▸ **Problem to work on**:
In the records below, find each line holding the word "with" and copy it.

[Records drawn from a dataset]

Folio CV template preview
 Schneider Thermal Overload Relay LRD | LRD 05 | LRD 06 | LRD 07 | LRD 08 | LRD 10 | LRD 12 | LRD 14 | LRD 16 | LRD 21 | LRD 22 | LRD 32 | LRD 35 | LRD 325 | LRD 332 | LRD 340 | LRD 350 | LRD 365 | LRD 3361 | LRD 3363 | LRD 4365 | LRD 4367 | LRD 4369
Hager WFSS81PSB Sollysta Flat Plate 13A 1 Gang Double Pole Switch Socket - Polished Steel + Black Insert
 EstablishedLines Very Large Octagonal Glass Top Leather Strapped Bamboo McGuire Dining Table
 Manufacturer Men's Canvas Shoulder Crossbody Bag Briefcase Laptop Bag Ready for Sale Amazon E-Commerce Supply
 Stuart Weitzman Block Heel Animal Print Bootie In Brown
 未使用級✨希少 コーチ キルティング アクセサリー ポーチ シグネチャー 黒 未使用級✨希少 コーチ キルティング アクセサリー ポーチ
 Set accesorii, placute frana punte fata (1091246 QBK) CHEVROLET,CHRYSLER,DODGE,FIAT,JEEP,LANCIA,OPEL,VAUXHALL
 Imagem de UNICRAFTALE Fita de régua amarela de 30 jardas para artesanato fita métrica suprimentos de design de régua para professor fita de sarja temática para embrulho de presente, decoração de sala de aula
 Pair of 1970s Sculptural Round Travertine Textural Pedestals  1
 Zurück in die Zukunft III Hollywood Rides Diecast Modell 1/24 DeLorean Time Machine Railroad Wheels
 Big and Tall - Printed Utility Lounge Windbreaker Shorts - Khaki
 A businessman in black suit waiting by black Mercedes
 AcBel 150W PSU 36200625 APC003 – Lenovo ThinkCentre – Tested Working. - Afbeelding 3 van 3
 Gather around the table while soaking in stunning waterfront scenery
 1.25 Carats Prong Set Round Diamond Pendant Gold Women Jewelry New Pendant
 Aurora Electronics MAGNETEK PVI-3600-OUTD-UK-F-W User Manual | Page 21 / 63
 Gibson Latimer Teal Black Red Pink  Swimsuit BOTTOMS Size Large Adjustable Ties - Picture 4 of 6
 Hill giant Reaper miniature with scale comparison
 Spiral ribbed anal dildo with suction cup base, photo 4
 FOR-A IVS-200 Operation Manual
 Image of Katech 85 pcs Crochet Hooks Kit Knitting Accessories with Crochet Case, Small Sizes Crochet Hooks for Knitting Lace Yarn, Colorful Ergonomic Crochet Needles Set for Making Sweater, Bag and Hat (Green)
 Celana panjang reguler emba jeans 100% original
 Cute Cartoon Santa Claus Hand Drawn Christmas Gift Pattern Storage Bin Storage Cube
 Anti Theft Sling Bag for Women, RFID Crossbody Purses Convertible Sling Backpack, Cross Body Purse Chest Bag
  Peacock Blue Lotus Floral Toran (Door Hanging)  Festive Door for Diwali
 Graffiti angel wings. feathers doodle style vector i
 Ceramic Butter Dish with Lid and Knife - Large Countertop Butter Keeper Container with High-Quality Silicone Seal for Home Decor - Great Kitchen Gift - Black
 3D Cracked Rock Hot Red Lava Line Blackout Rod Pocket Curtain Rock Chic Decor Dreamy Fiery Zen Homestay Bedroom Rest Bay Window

▸ **Response to this exercise**:
 Hill giant Reaper miniature with scale comparison
 Spiral ribbed anal dildo with suction cup base, photo 4
 Image of Katech 85 pcs Crochet Hooks Kit Knitting Accessories with Crochet Case, Small Sizes Crochet Hooks for Knitting Lace Yarn, Colorful Ergonomic Crochet Needles Set for Making Sweater, Bag and Hat (Green)
 Ceramic Butter Dish with Lid and Knife - Large Countertop Butter Keeper Container with High-Quality Silicone Seal for Home Decor - Great Kitchen Gift - Black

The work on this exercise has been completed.